Apoptosis, a form of programmed cell death, is a highly orchestrated mechanism for maintaining the critical balance between new and dying cells during development and throughout life. Disruption of this balance can lead to unwanted cell death, such as in neurodegeneration, stroke, heart attack and cytopenias, or pathologic cell survival, such as in cancer and autoimmune disease. The BCL-2 family is composed of guardian and executioner proteins that form a complex interaction network that regulates apoptosis. Several small molecule and peptide-based approaches have emerged that target BCL-2 family proteins and successfully modulate them for potential therapeutic benefit. Based on our identification of discrete trigger sites on BAX and BAK, two of the essential pro-apoptotic BCL-2 family proteins, their direct modulation may present an opportunity to activate or inhibit cell death in the appropriate disease context. The goal of this proposal is to define the biochemistry, structure, and function of the elusive pro-apoptotic BCL-2 family protein BOK. Determining the context-dependent roles of BOK will advance our understanding of cellular lifespan control points and inform the development of novel pharmacologic strategies to target them for clinical benefit. I propose a multidisciplinary approach that employs synthetic chemistry, structural biology, and biochemical and cellular studies to investigate the functional role of BOK in maintaining tissue homeostasis.
I aim to: (1) Define and structurally characterize the network of interactions between pro-apoptotic BOK and the diversity of BH3 domain helices;and (2) Determine the functional consequences of BH3 engagement of BOK in vitro and in cells. First, I will build upon my recent success in overcoming the longstanding challenge of generating full-length, recombinant BOK in monomeric form. To probe BOK binding activity and its impact on functional activation, I will generate and apply Stabilized Alpha-Helices of BCL-2 domains (SAHBs), unique research tools that recapitulate the natural structure and specificity of native BH3 death ligands. SAHBs that directly bind to BOK will serve as molecular probes and prototype therapeutics to investigate and modulate the biological activity of BOK in vitro and in cells. Based on this mechanistic dissection of BOK activity, I hope to uncover new pharmacologic approaches to regulate cell death in diseases of unwanted cell death or pathologic cell survival. I am committed to a scientific career focused on dissecting the protein interaction dynamics of the cell death pathway and harnessing the structural, biochemical, and cellular insights to advance novel therapeutic strategies for optimizing quantity and quality of lie during aging.

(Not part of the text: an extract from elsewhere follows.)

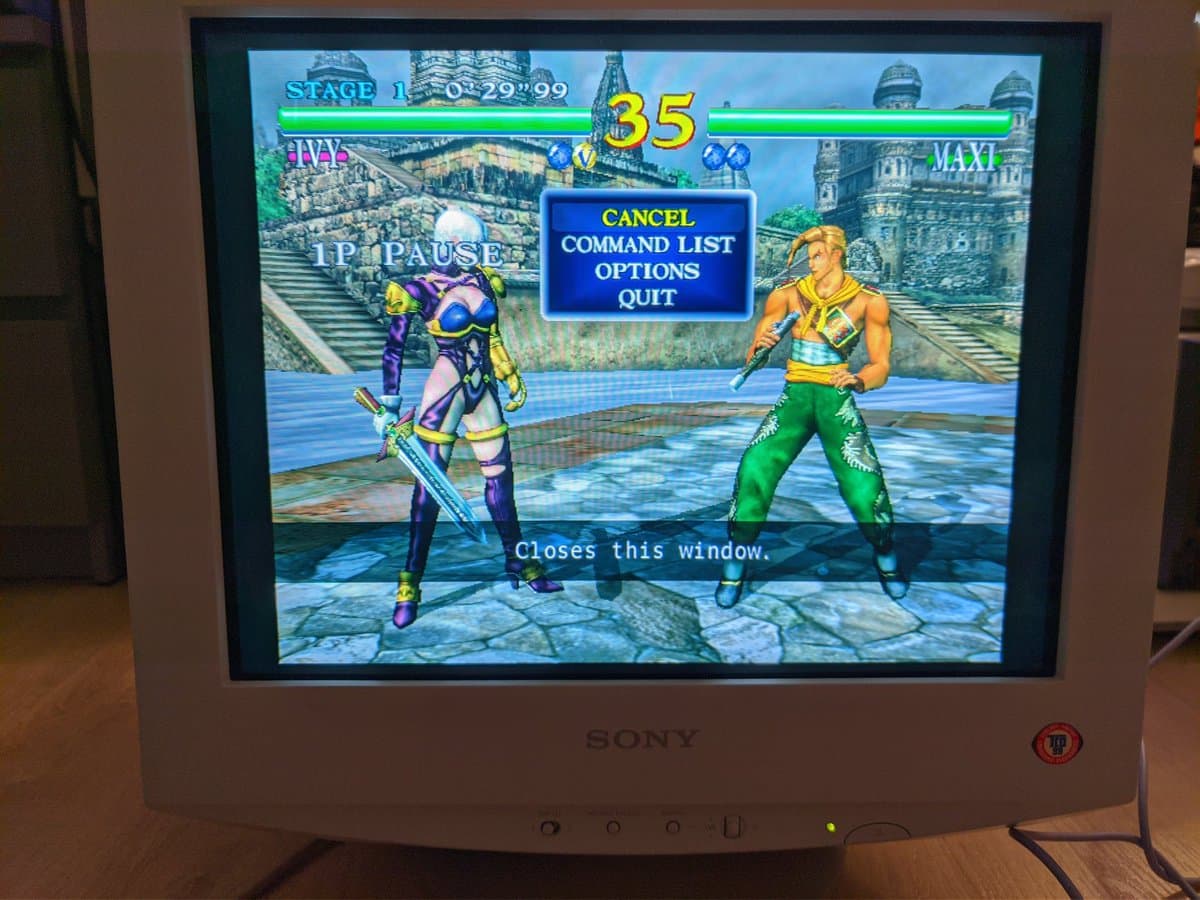 Soul Calibur fighting game displayed on repaired Sony CPD-G420 CRT monitor via Dreamcast direct input, showing corrected geometry and stable display after G2 voltage calibration.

To that end, I have developed a comprehensive training program that blends chemistry, structural biology, apoptosis biology, and developmental therapeutics, in the context of a dynamic biomedical environment, to maximize my development as an independent investigator with unique expertise at the interface of chemical biology and cellular longevity research.

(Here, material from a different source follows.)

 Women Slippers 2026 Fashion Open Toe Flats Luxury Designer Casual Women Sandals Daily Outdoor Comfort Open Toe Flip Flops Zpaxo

The pro-apoptotic BCL-2 family proteins BAX and BAK are essential regulators of the critical balance between cellular life and death, transforming from inactive monomers to lethal mitochondrial pores in response to insurmountable stress. BOK is a BAX/BAK homologue whose structure, ligand interactions, and functional activities remain relatively unknown, largely due to the longstanding challenge of expressing and characterizing the full-length recombinant protein. I propose to interrogate the biochemistry of BOK and elucidate novel pharmacologic approaches for regulating its function in diseases of cellular deficiency or excess by advancing new methods to produce the protein, define its functional interactions, and validate the structure-activity relationships in cells.